What impact will the Pope’s new poaching project have on the Anglican Communion?
“Pope Benedict’s sudden move is bound to have a negative impact on ecumenical dialogue between the two communions. It may attract some of the Catholic wing and perhaps some evangelicals, although they tend to prefer the option of Orthodoxy with its pattern of local bishops without the centralised control structure,” writes Dr Timothy Bradshaw, a Tutor in Doctrine at Regent’s Park College, Oxford, and member of the Anglican Orthodox Theological Commission. “Anything that weakens the Church of England, at a time of real embattlement with radically secularist agendas now under way, must ultimately be a bad thing for the nation from a Christian perspective.”
There is one prediction which brings a smile to my face: “If Rome does remove a significant body of conservative Anglicans, it will be left with a liberal Anglican communion with which to hold dialogue.”
Ruth Gledhill adds: “Meanwhile, the Church of England will recapture the moral high ground in the eyes of the secular, English-speaking world by consecrating women bishops. It might even liberalise its position on homosexuality.”
So the Pope’s poaching initiative might move the CofE farther toward a progressive stance by reducing the conservative opposition to women bishops and gay Anglicans. Talk about unintended consequences. Or perhaps not.
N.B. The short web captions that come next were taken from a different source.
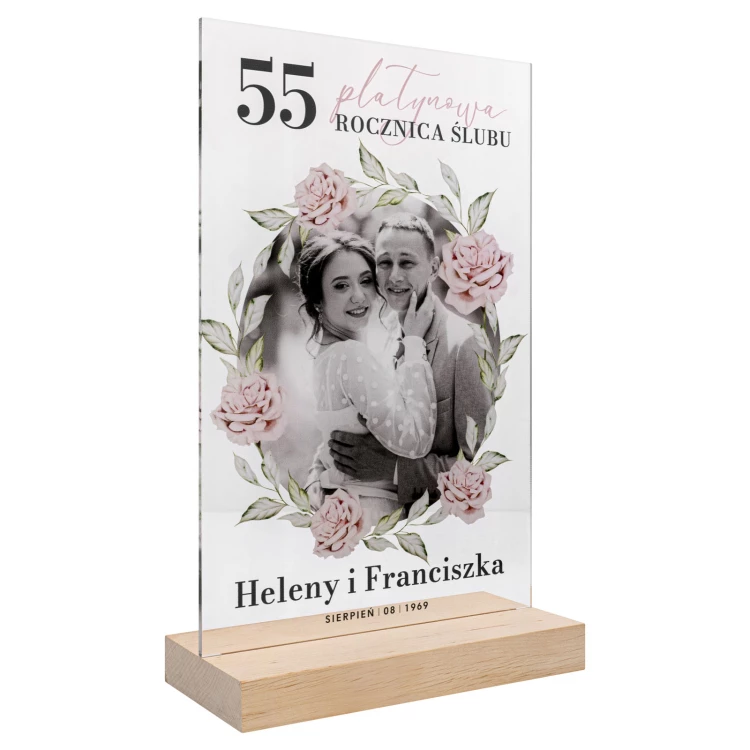 Statuetka akrylowa - NA ROCZNICĘ - wys. 26 cm - DTA204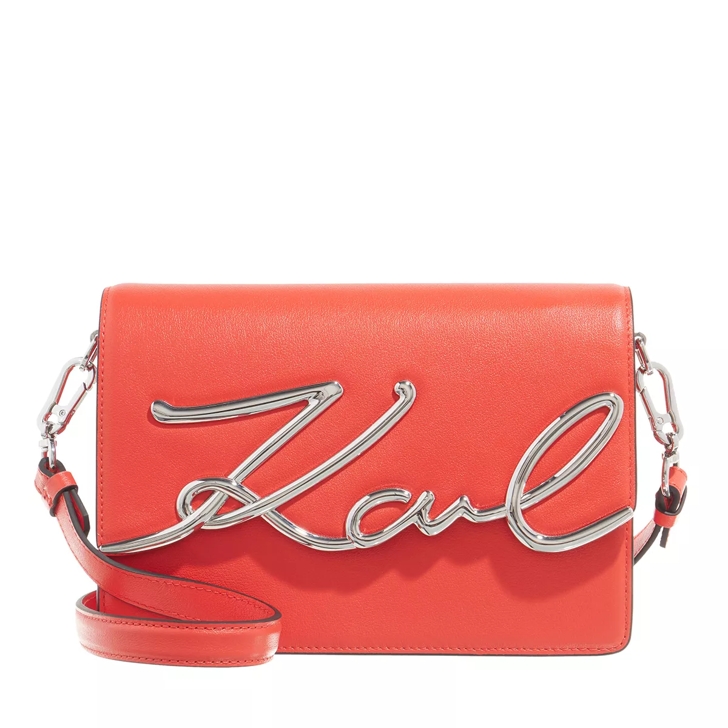 Karl Lagerfeld Signature Md Shoulderbag Poppy Red Sac bandouli re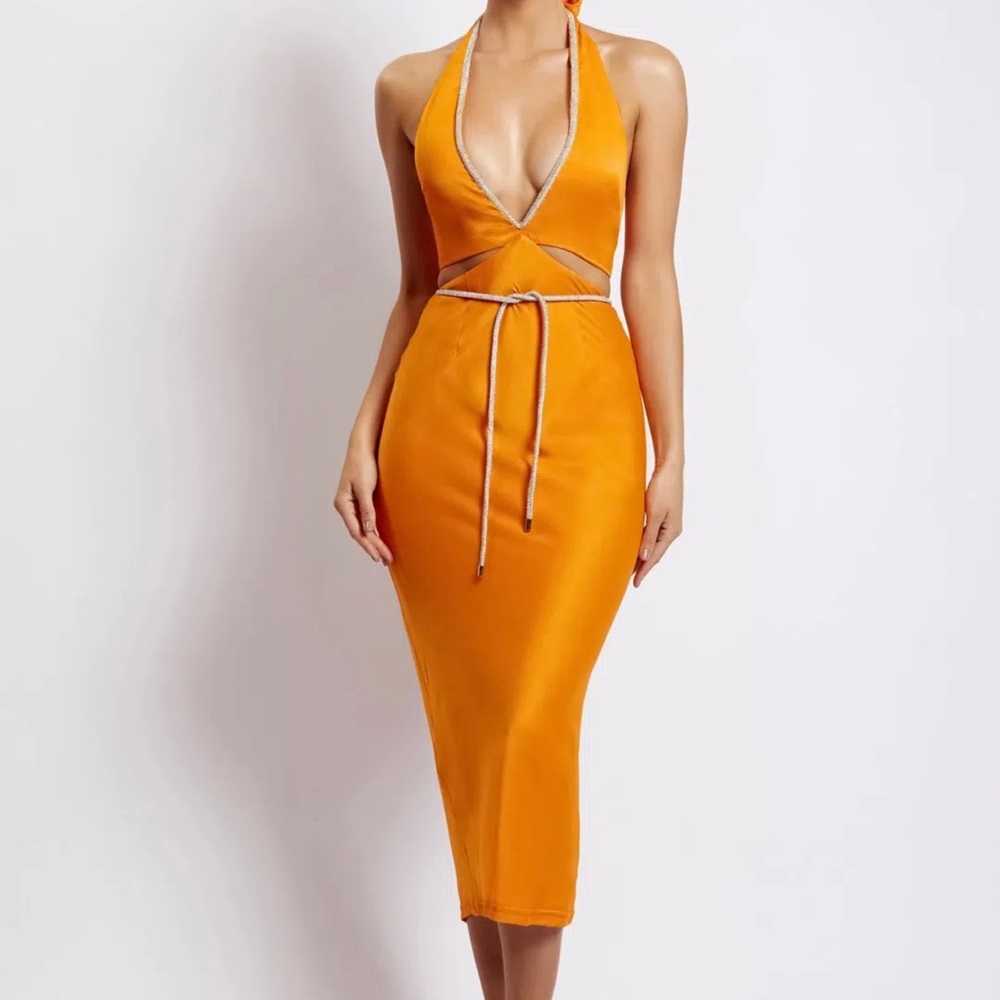 Rope midi dress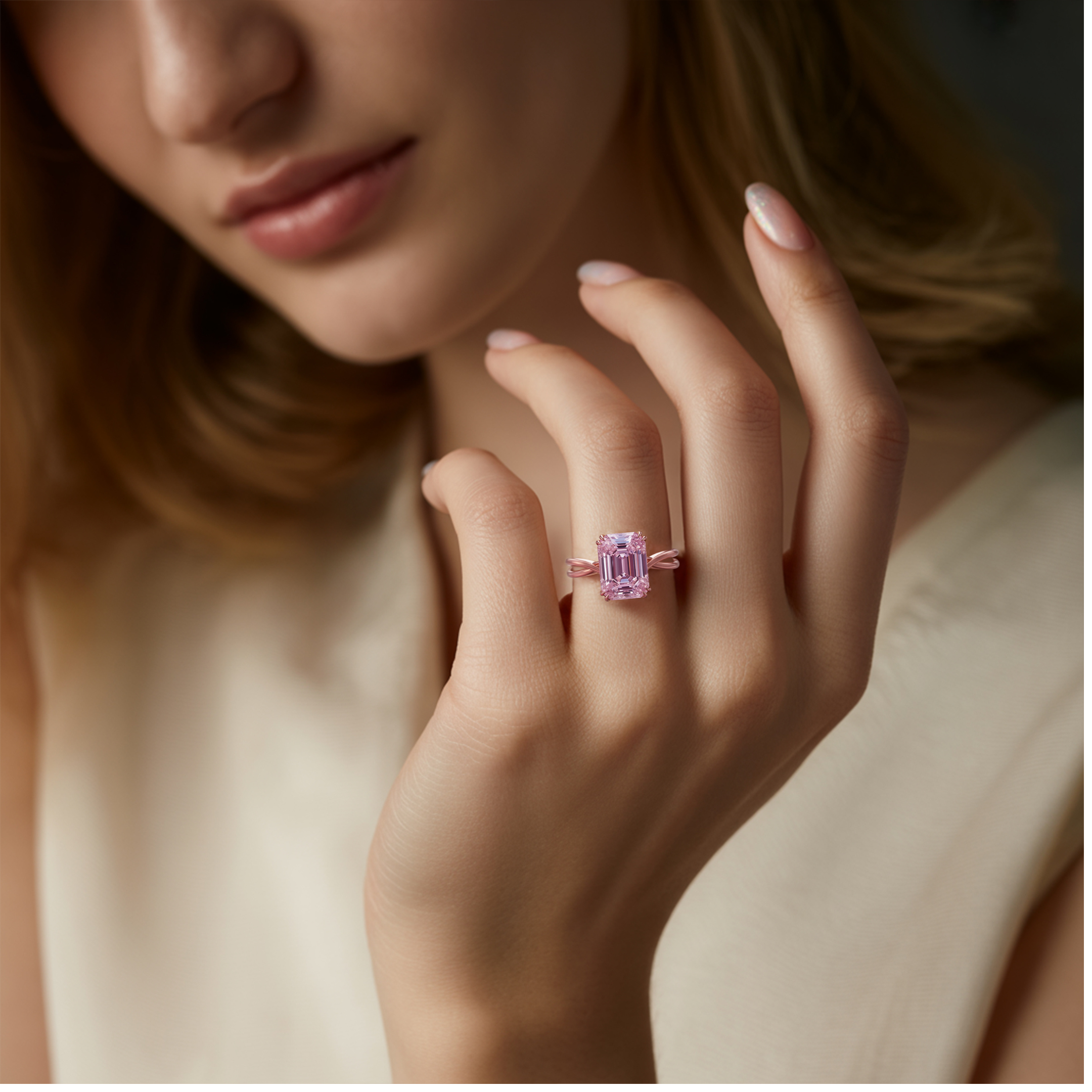 The Camilla - Infinity Moissanite Ring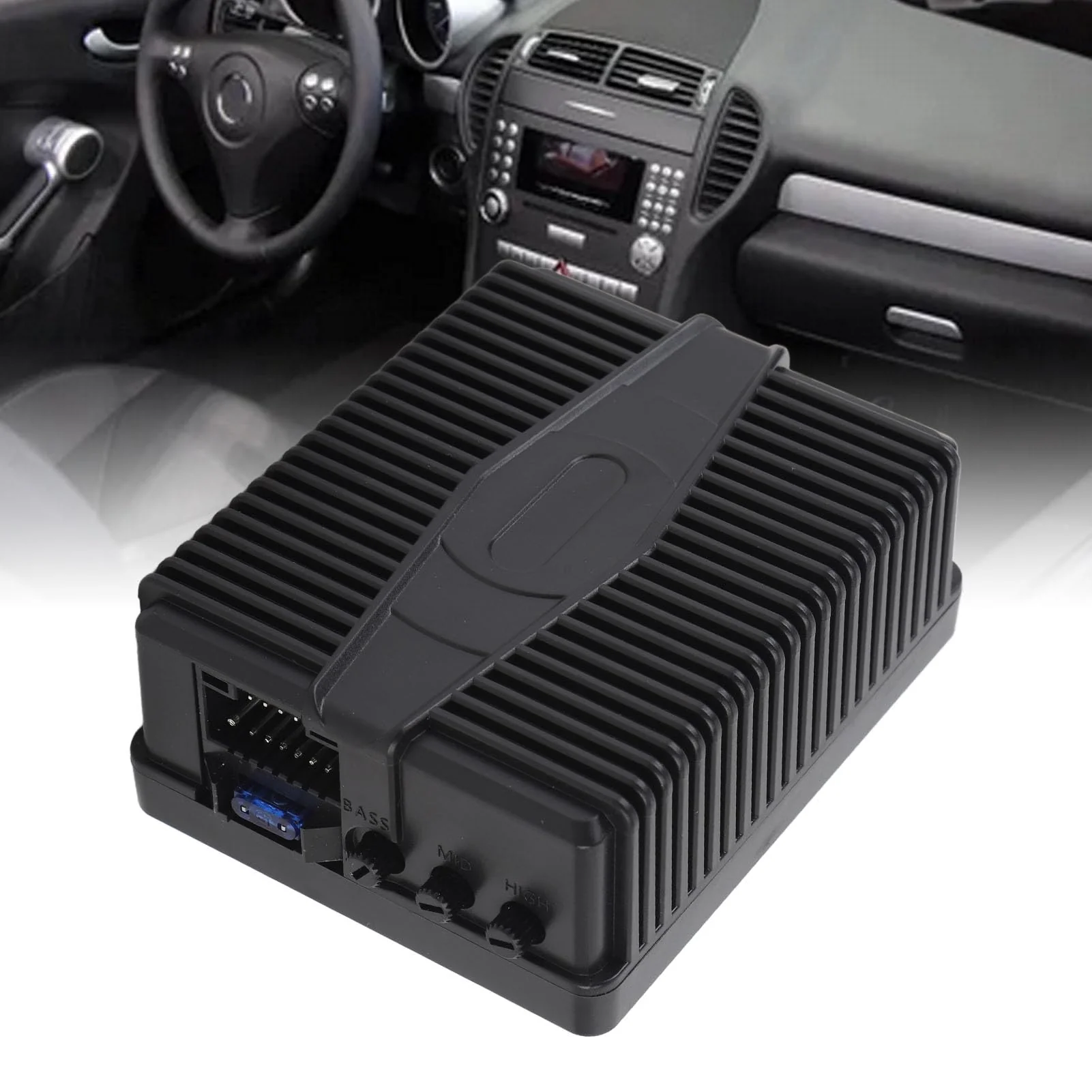 12V Car DAP Amplifier, 4 X 60W Power 4 Channels Clear Sound Quality Car Amplifier for Android Car Radio - Image 2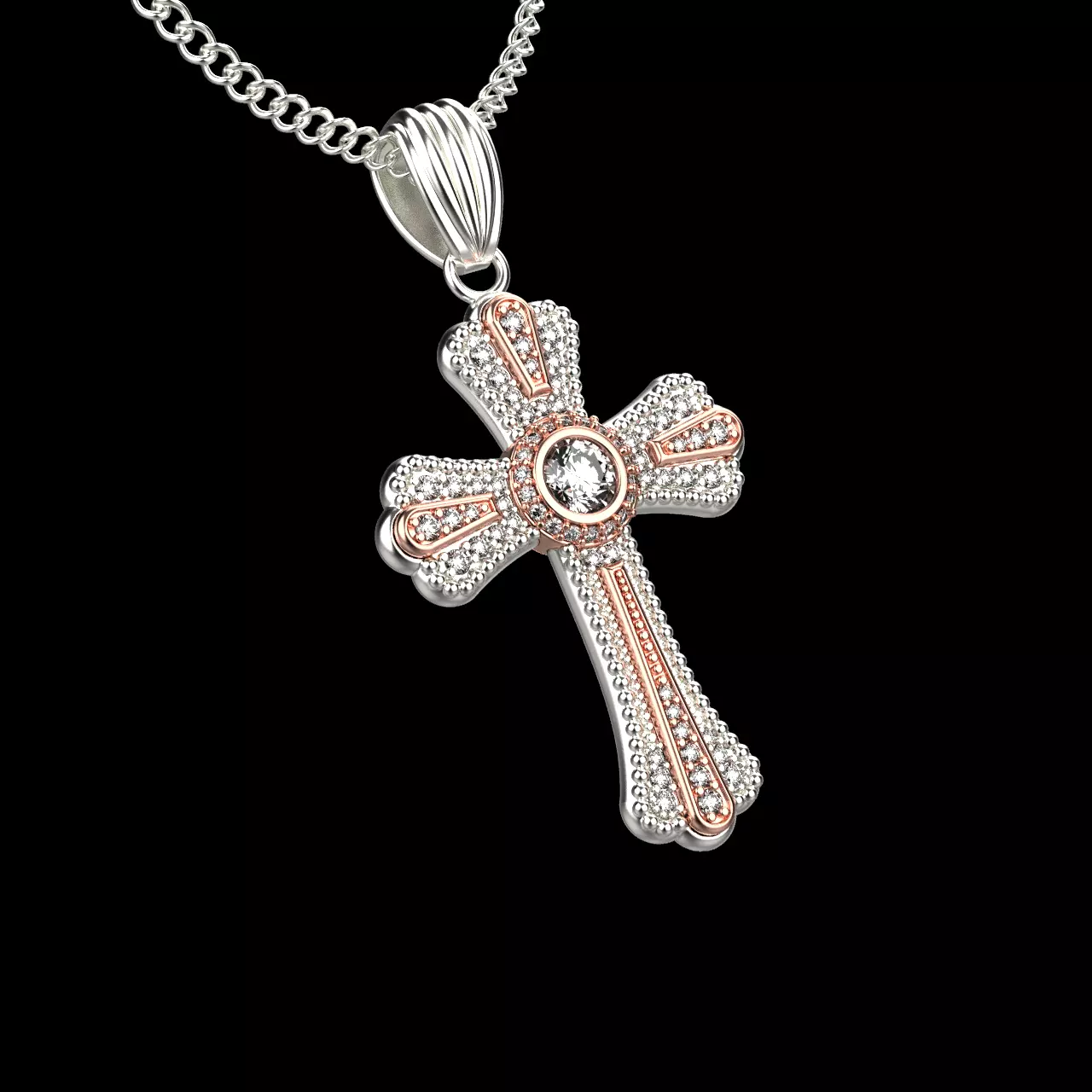 CROSS PENDANT  3D print model_0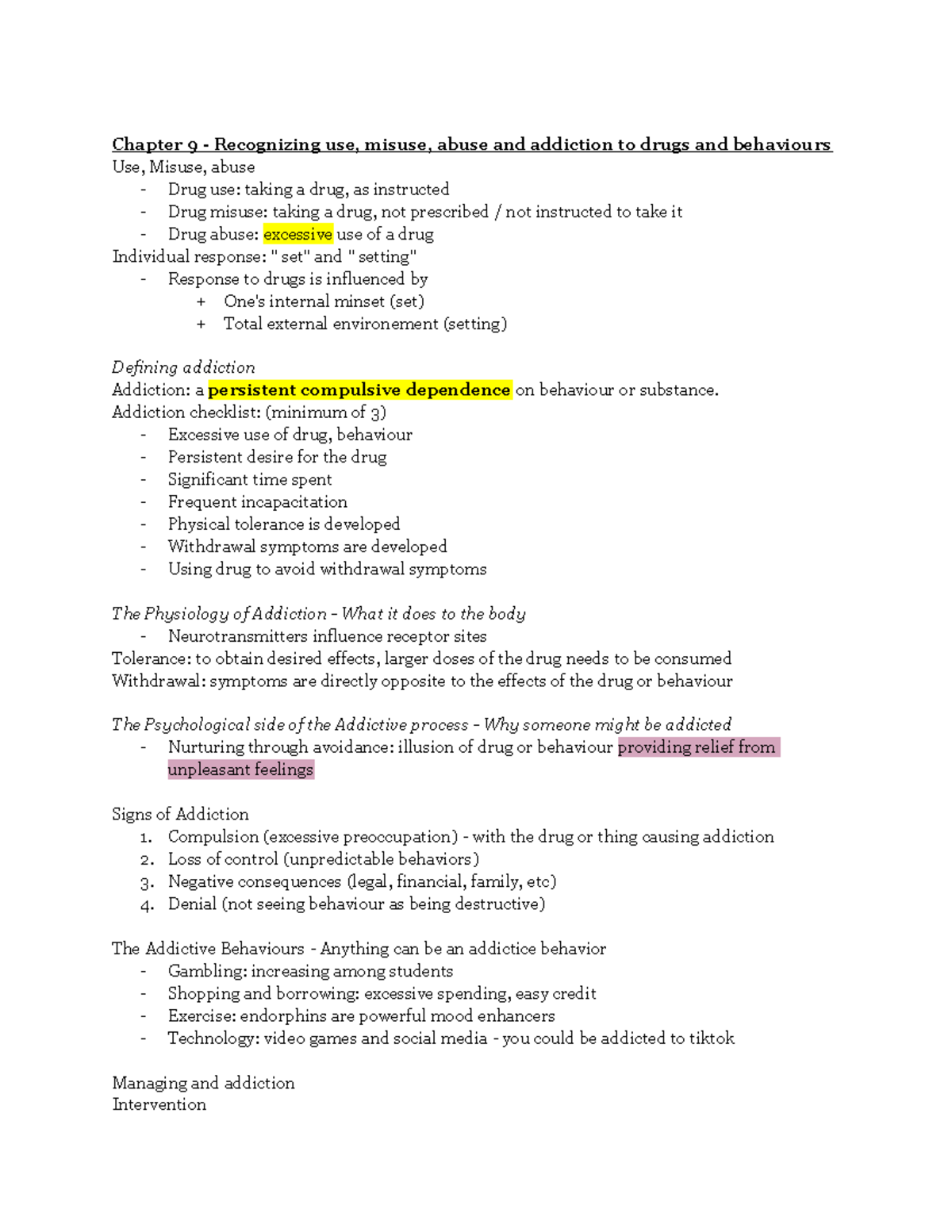 Determinants of health chapt. 9 - up - Chapter 9 - Recognizing use ...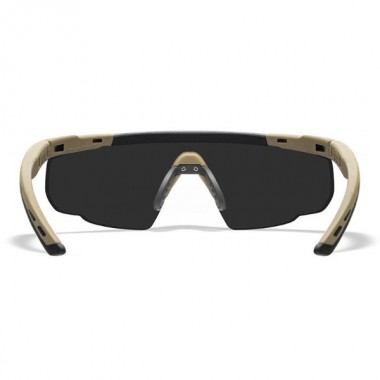 Очки защитные Wiley X WX Saber Advanced (Frame: Matte Tan, Lens: Clear   Grey   Rust)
The current pope seems bent on reshaping his church, marching backward to the theological standards of the past. He seems focused on a more conservative church composed of true believers, people who will vote their faith even if elected to political office. Had this pope been in office during the 1960 campaign, John F. Kennedy would never have been elected president. By becoming the church of Conservative Catholics in the UK, the pope leaves the door wide open for the CofE to become the church of Progressive Catholics in the UK. That opportunity may be the most important effect of the pope’s move.